Thursday, August 11, 2011

World at a Tipping Point


While this extra hot summer appears to be adding to the problem it can feel some days as though we are all losing our senses. Maybe it is the heat-maybe it is living in Washington but the US seems right now to reflect the world's self destructive mood as its leaders failed to rise to the challenge of the time and focus on the right issues--job creation and not short term deficit reduction. Perhaps it takes an outsider like former PM Gordon Brown writing an op ed in the Washington Post to nail just how bad the latest US debt deal was:

"At the core of Washington’s debt decision last week were four “no-go” areas for policy: no more taxes, no more stimulus, no more public investment and no more cuts or increases in entitlement spending. Under these politically imposed constraints, growth from consumer spending and public investment is blocked off.

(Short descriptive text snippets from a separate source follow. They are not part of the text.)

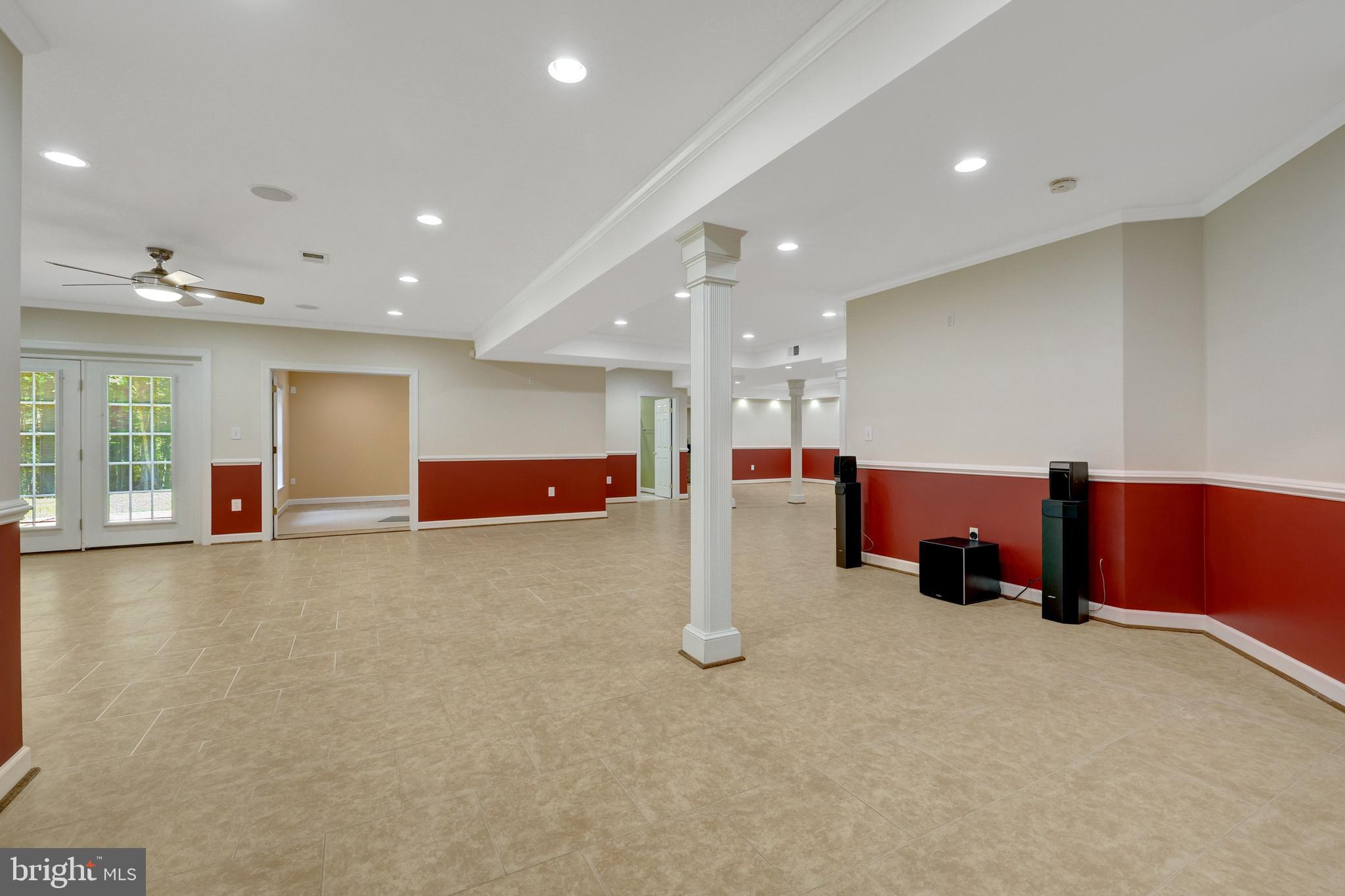 13650 Independence Ridge Nokesville, VA 20181 - Photo 53 of 98 Expansive Finished Lower-Level Recreation Area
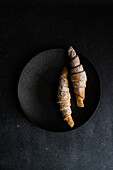 Artistic top view of two sugar-dusted, homemade jam-filled pastries on a dark round plate against a black textured background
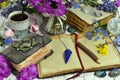 Still life with open diary, coffee cup and bunch of primrose wildflowers on old wooden table Royalty Free Stock Photo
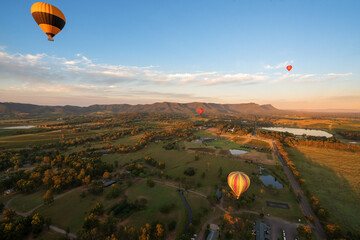 Hot air balloons in Pokolbin wine region over Vineyards from balloon aerial image, Hunter Valley, NSW, Australia	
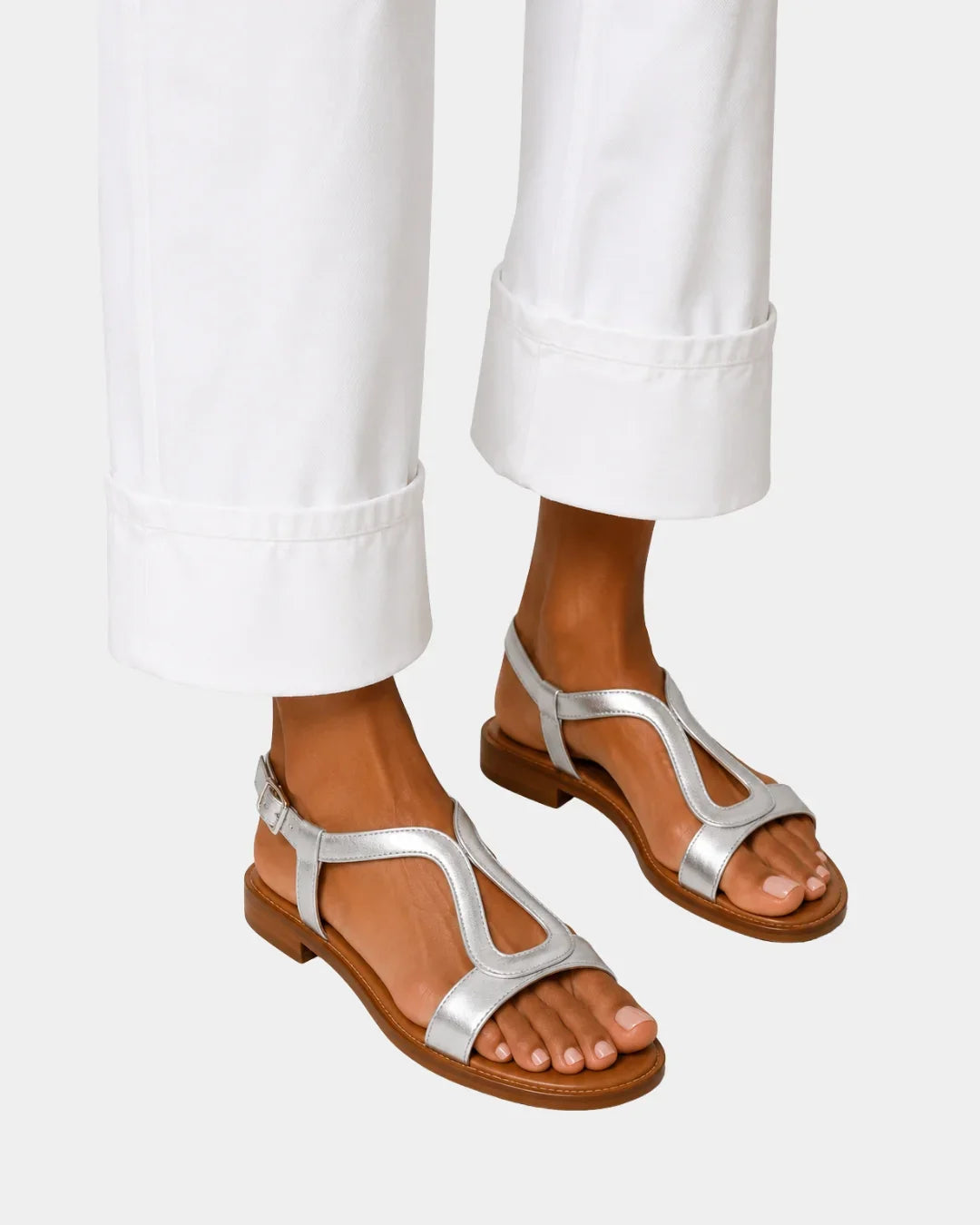 Silver T-strap open-toe sandals with low block heel and ankle strap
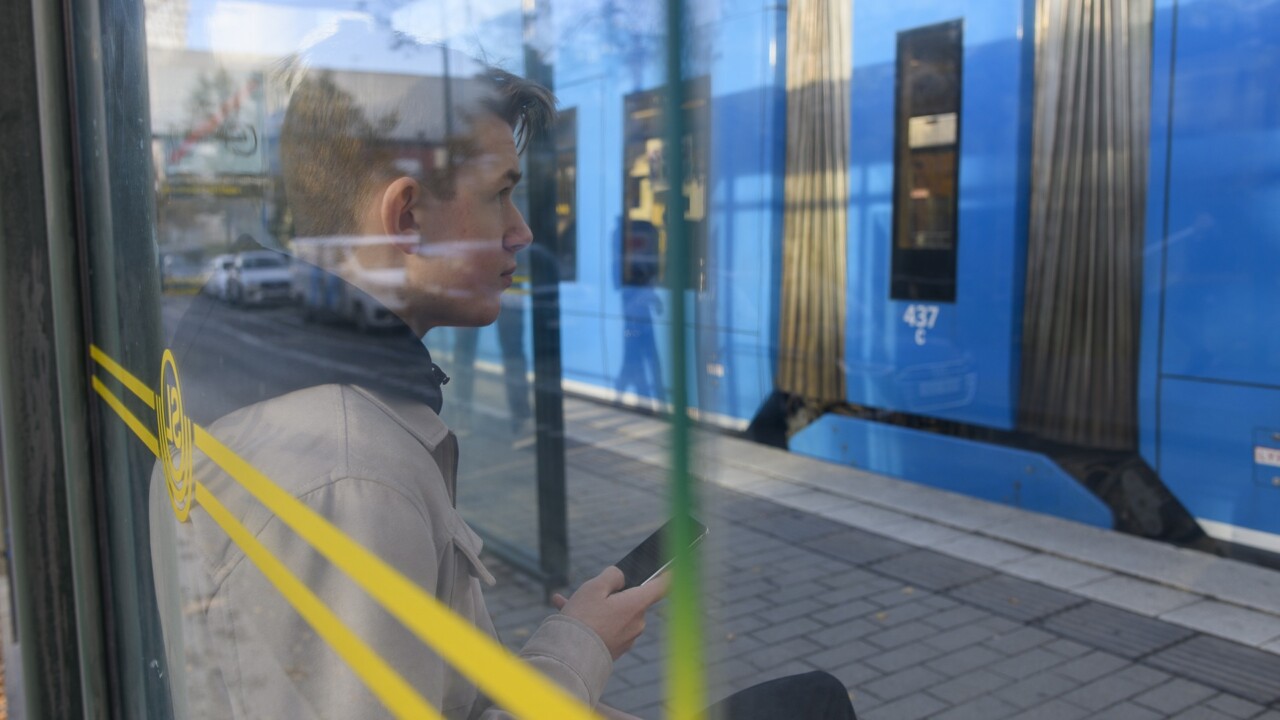 En ung kille sitter i en kur vid tvärbanan och tittar på sin mobil.
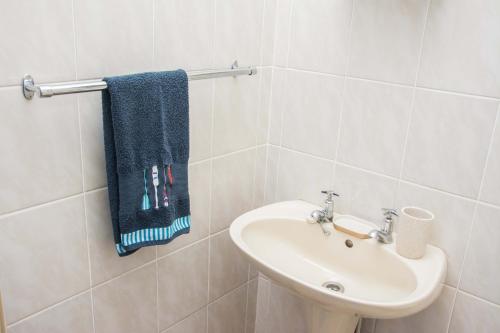 a white bathroom with a sink and a blue towel at Sea View Holiday Flat - 16 La Luce Margate in Margate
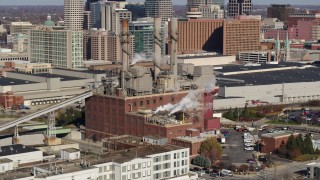 5.7K aerial stock footage of descending by brick factory with smoke stacks in Indianapolis, Indiana Aerial Stock Footage | DX0001_002819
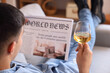 Young man with glass of wine reading newspaper at home, closeup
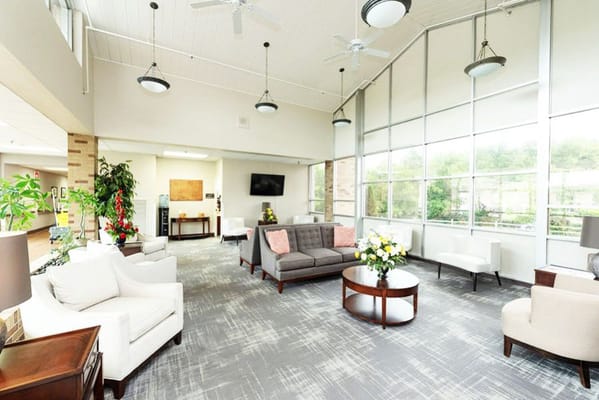 Bright common area with comfortable seating and plants
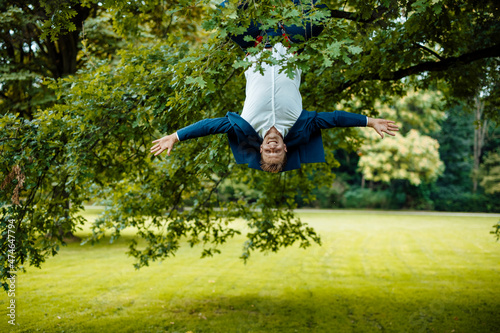 Playful businessman with arms outstretched hanging upside down from tree at park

With little chance of private-sector investment in a stagnant home market, America has locked itself into a low-growth cycle for years to come."

We did it to ourselves and now the only hope for the global recovery--that stands in the way of the double dip recession that the debt crazed Republicans seem to have welcomed with their threats of bringing about default if their demands were not met (is this is the only strategy they can come up with to defeat Obama in 2012 one wonders?)
Gordon Brown's solution is --"to export our way to growth"--which is exactly the strategy of every other country--in the world--including China, Germany, and the rest. We cannot all export without someone importing all the stuff we produce and that is why Brown hangs his hopes on the G-20 meeting later in the year coming out with some kind of grand bargain, but:

".. without a grand plan, the “export or die” strategies look like a zero-sum game..Is it possible to find a pathway to balanced, sustainable growth in a world that cannot sign a global trade agreement or a climate-change agreement (despite the fact that it would have stimulated billions of trade in renewables) and where the instincts of protectionism and nationalism are far more powerful forces than the imperative for global cooperation?"

We have to hope that the world that has been driven near to the brink by greedy bankers and their aiders and abetters among the political class will finally come to their senses. The media has to stop playing court to spin doctors and rise to the challenge of explaining to people the stakes since the politicians seem incapable of even telling simple truths that tax cuts will not do anything to create the new jobs we need in the quantity we need them and that taxing billionaires at a rate above the level that their secretaries pay is not some form of class war but a reasonable effort to create a fairer and more equal society. But as long as the media paints these ideas as extreme we will not make much progress. At some point we all need to focus on the real issues that long term unemployment and the sense of hopelessness among the youth is far worse than any short run deficit as it undermines social stability. You don't have to take a look at the London riots for examples just take a tour around any major or minor American city in the mid west's rust belt and you can see the devastation this kind of economy takes on people's lives and hopes. Let's hope that we come to our senses before it is too late.